A made-to-measure suit appointment is part fitting, part conversation. The fitting itself takes about twenty to thirty minutes, but the result lives in your closet for the next decade. Coming prepared makes the entire process smoother, faster, and more accurate. This guide walks you through exactly what to bring, what to wear, what measurements your tailor will take, and the style questions to answer in advance so you walk out with a suit that genuinely fits the way you live and work.
TLDR: Wear or bring fitted clothing, dress shoes, and the same style of dress shirt you plan to wear with the suit. Expect fifteen or more measurements covering jacket, trousers, and posture. Know your event date, budget range, and intended use before you arrive. Read on for the full prep checklist that gets you a better fit the first time.
Why Preparation Matters
A made-to-measure suit is built around your body, your posture, and your life. The fitting is where all of that information gets captured. The more accurate that information is, the better your suit fits the first time around.
Most men who walk in unprepared do one of three things. They forget which shoes they will wear with the suit, so the trouser break is off. They wear the wrong shirt, so the sleeve length is wrong. Or they have not thought about what the suit is actually for, so they make styling choices they regret two months later.
None of those are dealbreakers. We work around them constantly. But coming prepared means fewer revisions, faster turnaround, and a better final product. Here is everything you need to know.

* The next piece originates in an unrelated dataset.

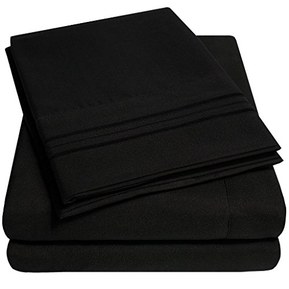1500 Supreme Collection Bed Sheet Set - Extra Soft, Elastic Corner Straps, Deep Pockets, Wrinkle & Fade Resistant Sheets Set, Luxury Hotel Bedding, Queen, Black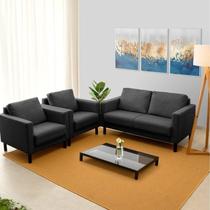 Conjunto Sofá Lugares com USB e 2 Poltronas em Linho Antúrio CabeCasa MadeiraOriginals Cinza Escuro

What to Wear to the Appointment
Your tailor needs to see and measure your body as it will actually wear the suit.
A fitted dress shirt. Wear the same style of dress shirt you plan to pair with the suit. If you wear French cuffs, wear French cuffs. If you wear button-downs, wear a button-down. Jacket sleeve length is measured to show about a half-inch of shirt cuff, so the cuff style and size matter.
Dress shoes you actually wear. Trouser length is measured to your shoe. A pair of sneakers throws off the break by two inches or more. If you have a specific pair of dress shoes you will wear with this suit, bring them. If not, wear a representative dress shoe.
A belt if you wear one. Trousers are measured at the natural waist, but if you wear them at the hip with a belt, your tailor needs to know.
Fitted, not loose, base layers. Skip the heavy sweater or the oversized t-shirt. A close-fitting undershirt or just the dress shirt gives the most accurate measurements.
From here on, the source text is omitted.